Yesterday I learned that all our RSS feeds fail to render in IE7. This was a surprise, as feeds are often the least worrysome areas of output, normally bypassing rendering and compatibility issues. IE7 reported:

This feed contains a DTD (Document Type Definition). DTDs are used to define a structure of a webpage. Internet Explorer does not support DTDs in feeds.

We defined a DTD only to ensure encoding of certain characters, as a number of our feeds are generated from (x)html based, content-managed information and often have content mishandled via software such as MS Word. In the past we have had some problems providing editing tools to suit certain departments resulting in encoding and character-set problems, and the DTD assured us some control over this.

The Microsoft RSS Blog outlines the reason for the failure:

Feeds that reference a DTD are not supported by the RSS Platform. A DTD is used to help XML parsers with validation of the document. However, DTD validation is a potential source of security issues for XML parsers, and validation is not required for feeds to work correctly in aggregators.
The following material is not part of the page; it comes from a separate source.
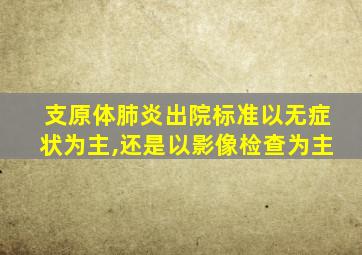 支原体肺炎出院标准以无症状为主,还是以影像检查为主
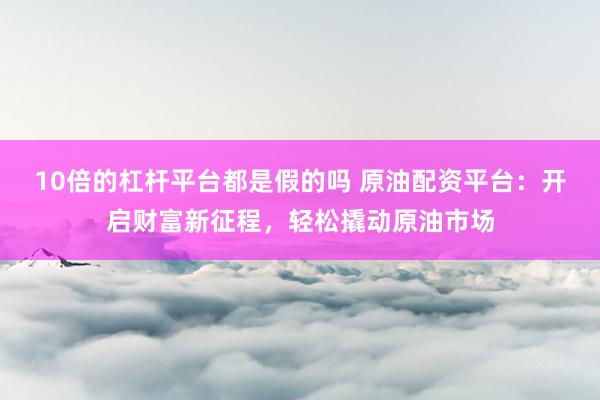 10倍的杠杆平台都是假的吗 原油配资平台：开启财富新征程，轻松撬动原油市场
The MSDN article referred to outlines situations where a malicious DTD could be used to launch a DoS attack from an untrusted source. Our fatal DTD however, was inline:

<!DOCTYPE rss [<!ENTITY pound “&chr(34)&”£”&chr(34)&”>]>

I can’t say I’m wholly impressed that my implicitly trustworthy (requested) content has, according to IE7, untrustworthy components.

The solution is -unsurprisingly- to remove the DTD entry – I call this a proprietary hack – and to keep an eye on the entities which have for operational reasons failed us in the past.